• _WHAT THIS TASK INVOLVES_
Two lines in the data below mark the range: the one with "Wooden Antique Style Rack Triple Coat Hook" and the one with "Kosze gabionowe, 3". Return both, along with every line between them, exactly.

--- LISTED ENTRIES Enclosed Below ---

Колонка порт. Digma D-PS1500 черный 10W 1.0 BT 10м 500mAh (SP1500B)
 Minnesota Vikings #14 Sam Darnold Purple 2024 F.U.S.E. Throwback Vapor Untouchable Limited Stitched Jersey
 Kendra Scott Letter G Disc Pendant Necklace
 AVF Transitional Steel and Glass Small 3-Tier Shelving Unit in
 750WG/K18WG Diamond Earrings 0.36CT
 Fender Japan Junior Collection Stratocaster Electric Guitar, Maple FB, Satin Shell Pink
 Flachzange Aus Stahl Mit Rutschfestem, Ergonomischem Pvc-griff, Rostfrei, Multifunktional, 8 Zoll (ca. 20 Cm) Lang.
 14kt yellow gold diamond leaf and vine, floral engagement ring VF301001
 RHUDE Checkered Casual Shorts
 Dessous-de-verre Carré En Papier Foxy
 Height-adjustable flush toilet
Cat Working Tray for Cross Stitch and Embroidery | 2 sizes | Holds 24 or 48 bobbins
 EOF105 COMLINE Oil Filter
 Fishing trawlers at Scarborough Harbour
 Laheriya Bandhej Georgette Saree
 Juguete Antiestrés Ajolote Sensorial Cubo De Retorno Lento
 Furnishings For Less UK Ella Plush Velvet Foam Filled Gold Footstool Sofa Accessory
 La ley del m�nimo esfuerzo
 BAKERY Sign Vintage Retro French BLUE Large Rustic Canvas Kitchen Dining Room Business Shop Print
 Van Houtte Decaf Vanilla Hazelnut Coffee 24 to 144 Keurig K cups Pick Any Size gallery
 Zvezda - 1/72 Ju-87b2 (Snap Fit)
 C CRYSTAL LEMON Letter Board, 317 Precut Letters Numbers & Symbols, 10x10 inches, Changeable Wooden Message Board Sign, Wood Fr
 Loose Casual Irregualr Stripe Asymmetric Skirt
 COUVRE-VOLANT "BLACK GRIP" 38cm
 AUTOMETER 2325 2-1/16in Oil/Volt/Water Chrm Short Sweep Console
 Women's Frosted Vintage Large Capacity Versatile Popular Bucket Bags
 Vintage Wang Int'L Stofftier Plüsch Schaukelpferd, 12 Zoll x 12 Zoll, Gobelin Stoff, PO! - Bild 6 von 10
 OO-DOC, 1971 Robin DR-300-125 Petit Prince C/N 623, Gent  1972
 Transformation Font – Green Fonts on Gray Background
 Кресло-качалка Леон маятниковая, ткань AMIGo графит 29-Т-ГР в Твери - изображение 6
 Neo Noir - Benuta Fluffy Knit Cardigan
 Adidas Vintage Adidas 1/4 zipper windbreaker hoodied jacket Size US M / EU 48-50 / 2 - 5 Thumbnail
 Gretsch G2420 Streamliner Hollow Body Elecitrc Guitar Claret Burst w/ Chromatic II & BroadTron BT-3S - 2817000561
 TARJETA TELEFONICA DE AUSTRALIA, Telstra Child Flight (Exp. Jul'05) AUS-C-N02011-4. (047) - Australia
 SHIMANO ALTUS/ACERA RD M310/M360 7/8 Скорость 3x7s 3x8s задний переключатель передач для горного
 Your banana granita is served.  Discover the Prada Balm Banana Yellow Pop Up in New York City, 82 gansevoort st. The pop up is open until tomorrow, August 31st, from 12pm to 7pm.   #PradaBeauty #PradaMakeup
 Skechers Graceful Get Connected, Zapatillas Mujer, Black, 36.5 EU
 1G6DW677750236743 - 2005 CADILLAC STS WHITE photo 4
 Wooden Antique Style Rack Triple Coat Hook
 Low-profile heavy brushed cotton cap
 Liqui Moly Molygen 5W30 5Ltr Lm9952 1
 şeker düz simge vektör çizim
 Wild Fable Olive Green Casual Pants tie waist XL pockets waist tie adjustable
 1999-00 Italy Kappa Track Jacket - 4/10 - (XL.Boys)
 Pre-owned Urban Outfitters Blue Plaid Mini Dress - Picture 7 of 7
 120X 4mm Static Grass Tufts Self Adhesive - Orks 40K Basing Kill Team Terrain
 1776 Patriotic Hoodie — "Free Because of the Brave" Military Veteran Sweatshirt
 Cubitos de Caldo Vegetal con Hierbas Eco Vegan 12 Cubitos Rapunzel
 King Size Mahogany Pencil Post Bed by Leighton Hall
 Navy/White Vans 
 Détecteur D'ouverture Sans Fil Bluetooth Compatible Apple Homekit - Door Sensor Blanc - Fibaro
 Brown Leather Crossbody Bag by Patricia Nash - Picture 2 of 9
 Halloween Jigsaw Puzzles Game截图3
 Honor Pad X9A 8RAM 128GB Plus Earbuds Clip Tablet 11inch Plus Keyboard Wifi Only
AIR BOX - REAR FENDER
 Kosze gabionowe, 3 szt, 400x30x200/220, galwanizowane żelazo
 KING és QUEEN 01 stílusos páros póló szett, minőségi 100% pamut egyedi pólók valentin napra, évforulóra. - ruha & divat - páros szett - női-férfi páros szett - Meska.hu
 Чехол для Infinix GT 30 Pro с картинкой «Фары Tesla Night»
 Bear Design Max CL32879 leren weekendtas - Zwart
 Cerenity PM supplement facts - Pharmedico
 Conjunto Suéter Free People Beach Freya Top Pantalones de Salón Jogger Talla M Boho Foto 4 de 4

--- End of Enclosed LISTED ENTRIES ---

• _WRITTEN RESPONSE_
 Wooden Antique Style Rack Triple Coat Hook
 Low-profile heavy brushed cotton cap
 Liqui Moly Molygen 5W30 5Ltr Lm9952 1
 şeker düz simge vektör çizim
 Wild Fable Olive Green Casual Pants tie waist XL pockets waist tie adjustable
 1999-00 Italy Kappa Track Jacket - 4/10 - (XL.Boys)
 Pre-owned Urban Outfitters Blue Plaid Mini Dress - Picture 7 of 7
 120X 4mm Static Grass Tufts Self Adhesive - Orks 40K Basing Kill Team Terrain
 1776 Patriotic Hoodie — "Free Because of the Brave" Military Veteran Sweatshirt
 Cubitos de Caldo Vegetal con Hierbas Eco Vegan 12 Cubitos Rapunzel
 King Size Mahogany Pencil Post Bed by Leighton Hall
 Navy/White Vans 
 Détecteur D'ouverture Sans Fil Bluetooth Compatible Apple Homekit - Door Sensor Blanc - Fibaro
 Brown Leather Crossbody Bag by Patricia Nash - Picture 2 of 9
 Halloween Jigsaw Puzzles Game截图3
 Honor Pad X9A 8RAM 128GB Plus Earbuds Clip Tablet 11inch Plus Keyboard Wifi Only
AIR BOX - REAR FENDER
 Kosze gabionowe, 3 szt, 400x30x200/220, galwanizowane żelazo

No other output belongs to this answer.